A Corner of the Universe is a 2002 young adult novel by Ann M. Martin. It won a Newbery Honor Award in 2003.

==Plot==
The summer of 1960 is a season that the novel's narrator and protagonist, 11-almost-12-year-old Hattie Owen, expects to be as comfortably uneventful as all the others had been in her small, tranquil town of Millerton, Pennsylvania. She's looking forward to helping her mother Dorothy run their boarding house with its eccentric adult boarders, painting alongside her father Jonathan, and reading.

Then 21-year-old Uncle Adam, whom Hattie never knew existed, comes to stay with Hattie's grandparents (Nana and Papa), because his "school," an institution for the mentally disabled, has closed down permanently. Intelligent, childlike, and strange owing to his disability, Adam visits Hattie often. Adam quickly becomes smitten with Angel Valentine, the beautiful and most recent lodger to check into the Owen boardinghouse.

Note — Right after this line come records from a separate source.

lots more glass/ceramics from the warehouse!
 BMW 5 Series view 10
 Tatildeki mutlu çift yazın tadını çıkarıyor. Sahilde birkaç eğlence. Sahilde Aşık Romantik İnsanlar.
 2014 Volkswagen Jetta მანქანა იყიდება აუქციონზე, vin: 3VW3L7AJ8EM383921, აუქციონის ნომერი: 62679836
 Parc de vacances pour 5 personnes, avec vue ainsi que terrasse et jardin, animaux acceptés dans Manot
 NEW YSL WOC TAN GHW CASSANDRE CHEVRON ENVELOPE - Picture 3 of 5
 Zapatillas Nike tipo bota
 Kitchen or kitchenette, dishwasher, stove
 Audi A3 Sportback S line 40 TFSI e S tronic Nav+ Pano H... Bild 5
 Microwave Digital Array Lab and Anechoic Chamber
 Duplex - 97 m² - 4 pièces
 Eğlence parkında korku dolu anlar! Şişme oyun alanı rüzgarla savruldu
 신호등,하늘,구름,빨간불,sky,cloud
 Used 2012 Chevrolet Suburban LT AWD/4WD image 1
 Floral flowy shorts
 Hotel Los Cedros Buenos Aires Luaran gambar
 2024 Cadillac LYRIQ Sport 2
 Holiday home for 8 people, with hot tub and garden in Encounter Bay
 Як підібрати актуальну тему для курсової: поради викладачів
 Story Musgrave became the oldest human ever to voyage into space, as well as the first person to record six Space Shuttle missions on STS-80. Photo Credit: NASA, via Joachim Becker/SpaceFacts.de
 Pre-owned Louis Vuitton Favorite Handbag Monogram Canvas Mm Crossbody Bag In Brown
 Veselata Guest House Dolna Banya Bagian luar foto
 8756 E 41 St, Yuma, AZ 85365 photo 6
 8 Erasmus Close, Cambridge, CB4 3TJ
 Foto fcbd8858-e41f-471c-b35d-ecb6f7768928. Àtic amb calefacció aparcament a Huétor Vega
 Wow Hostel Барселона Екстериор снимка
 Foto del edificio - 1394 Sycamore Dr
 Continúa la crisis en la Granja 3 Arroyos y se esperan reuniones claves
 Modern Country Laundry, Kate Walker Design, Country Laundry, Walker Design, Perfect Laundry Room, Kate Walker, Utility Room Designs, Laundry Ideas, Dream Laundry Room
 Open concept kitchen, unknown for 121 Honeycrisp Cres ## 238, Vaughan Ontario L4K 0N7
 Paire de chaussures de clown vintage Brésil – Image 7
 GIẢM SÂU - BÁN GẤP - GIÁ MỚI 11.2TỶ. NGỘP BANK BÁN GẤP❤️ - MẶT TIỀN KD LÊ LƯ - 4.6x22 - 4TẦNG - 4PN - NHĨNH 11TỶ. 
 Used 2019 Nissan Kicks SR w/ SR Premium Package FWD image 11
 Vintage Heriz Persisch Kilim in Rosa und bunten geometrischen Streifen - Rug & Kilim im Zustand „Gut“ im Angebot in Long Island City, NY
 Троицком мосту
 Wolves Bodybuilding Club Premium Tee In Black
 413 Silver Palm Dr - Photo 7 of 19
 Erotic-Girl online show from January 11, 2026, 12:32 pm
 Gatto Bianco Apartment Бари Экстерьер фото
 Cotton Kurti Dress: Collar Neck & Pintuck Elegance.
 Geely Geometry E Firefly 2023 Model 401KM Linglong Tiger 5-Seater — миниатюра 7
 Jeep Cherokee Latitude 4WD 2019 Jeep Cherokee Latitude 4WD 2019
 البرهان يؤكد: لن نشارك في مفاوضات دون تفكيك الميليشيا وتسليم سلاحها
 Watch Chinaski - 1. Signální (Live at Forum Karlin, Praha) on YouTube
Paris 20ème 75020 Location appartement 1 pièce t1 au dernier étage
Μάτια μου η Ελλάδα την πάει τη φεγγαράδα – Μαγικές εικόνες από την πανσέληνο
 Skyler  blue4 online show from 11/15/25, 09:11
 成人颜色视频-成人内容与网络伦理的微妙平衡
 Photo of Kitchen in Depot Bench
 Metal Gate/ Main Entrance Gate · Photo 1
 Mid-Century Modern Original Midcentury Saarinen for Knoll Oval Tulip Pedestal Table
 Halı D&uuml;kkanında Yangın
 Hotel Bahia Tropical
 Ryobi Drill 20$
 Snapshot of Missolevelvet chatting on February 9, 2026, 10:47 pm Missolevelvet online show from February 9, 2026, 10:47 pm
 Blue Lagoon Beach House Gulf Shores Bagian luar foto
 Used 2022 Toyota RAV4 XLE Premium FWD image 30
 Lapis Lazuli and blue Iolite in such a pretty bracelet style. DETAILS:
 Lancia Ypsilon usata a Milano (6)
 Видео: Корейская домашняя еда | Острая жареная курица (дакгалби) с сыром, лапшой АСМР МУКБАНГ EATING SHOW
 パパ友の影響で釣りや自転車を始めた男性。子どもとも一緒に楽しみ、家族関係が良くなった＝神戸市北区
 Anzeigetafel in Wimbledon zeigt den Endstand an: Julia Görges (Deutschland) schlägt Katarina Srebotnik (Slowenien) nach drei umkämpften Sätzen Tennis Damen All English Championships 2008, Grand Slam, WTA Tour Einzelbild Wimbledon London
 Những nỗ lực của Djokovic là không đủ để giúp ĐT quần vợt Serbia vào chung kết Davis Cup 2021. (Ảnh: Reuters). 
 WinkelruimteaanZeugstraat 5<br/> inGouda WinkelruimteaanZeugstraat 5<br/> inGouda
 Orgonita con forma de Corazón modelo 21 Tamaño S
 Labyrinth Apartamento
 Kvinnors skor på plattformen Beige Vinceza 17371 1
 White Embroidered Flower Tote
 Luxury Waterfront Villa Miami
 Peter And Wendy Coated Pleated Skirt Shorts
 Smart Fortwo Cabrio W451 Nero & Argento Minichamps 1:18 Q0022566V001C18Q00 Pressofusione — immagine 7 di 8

Hattie then meets Leila, the daughter of the carnival owners who come to town. However, after Adam suffers a mental breakdown on the Ferris wheel, she moves away with the carnival.

Throughout the summer, other people come to stay at Hattie's boarding house, such as a woman, Mrs. Strowsky, with a son Sam and daughter Catherine. She recently suffered the death of her husband and moved away, but needed a place to stay while job hunting.

As various other events mark Hattie's "uneventful" summer, she comes to better understand Adam. However, when Adam unintentionally walks in on Angel with her boyfriend Henry, he is upset and runs off. His body is later found, revealing he had died by suicide. Hattie is devastated. Before Adam's funeral, Hattie asks her mother if she loved her brother. She snapped at Hattie, and said it was hard to love him. Hattie speaks at the funeral about Adam, and afterward, she discovers his treasure box, where he kept all the letters and objects Hattie's mom sent him. She realized her mother did actually love Adam.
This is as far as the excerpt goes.